Ankle monitors help police track domestic violence offenders

On Behalf of | Apr 13, 2014 | Domestic Violence, Firm News |

Many domestic abusers will repeat their terrible actions, if left unchecked. This forces authorities to find ways to help protect victims from their abusive spouse, relative or other household member.

Orders of protection help, because they deter some offenders from getting too close to their victims. But an order of protection is not enough to keep every abuser a safe distance away. And when a violation occurs, it can be difficult to punish the offender, because often it is the abuser’s word against the victim’s.

The Staten Island District Attorney’s Office has turned to ankle monitors to keep an eye on certain domestic violence offenders.
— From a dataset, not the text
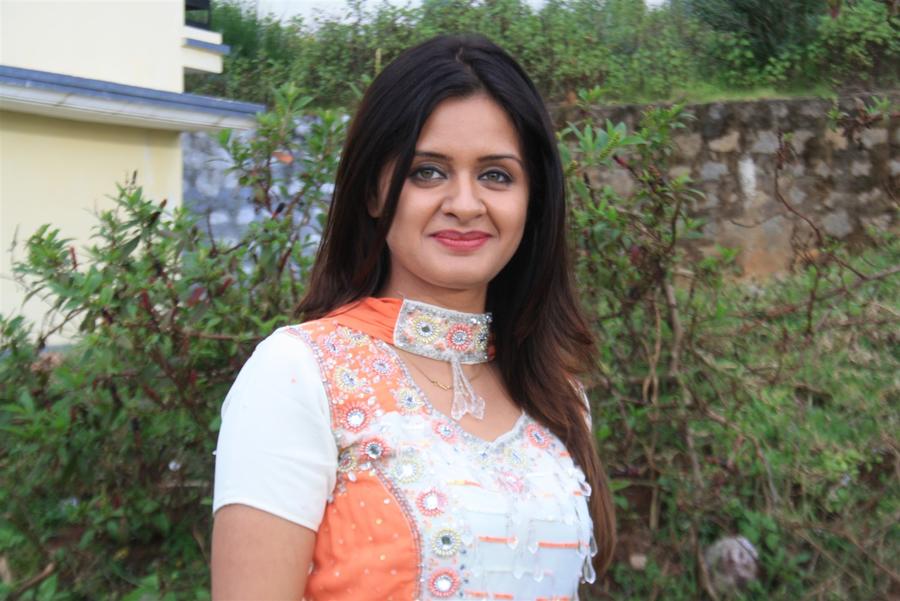 Roja Maaligai New Movie Exclusive Photos.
The devices allow authorities in that borough of New York to know, nearly for certain, if the offender has gotten too close to his or her victim and is potentially eligible for arrest and prosecution.

The system is a pilot program that prosecutors expect to make permanent. It involves the offender paying for and wearing an ankle monitor that is programmed to go off if he or she enters an “exclusion zone,” often the victim’s home or workplace, or a child’s school. If that happens, the victim and police are both notified. The victim can then go to a safe place.

Prosecutors admit that the monitors are not appropriate in every case. One must be arrested more than once and have problems staying away from the victim to be eligible. And very violent offenders are unlikely to care about possible arrest, so other strategies must be used. But this could reduce a great deal of domestic violence incidents in New York, if other boroughs start using these monitors.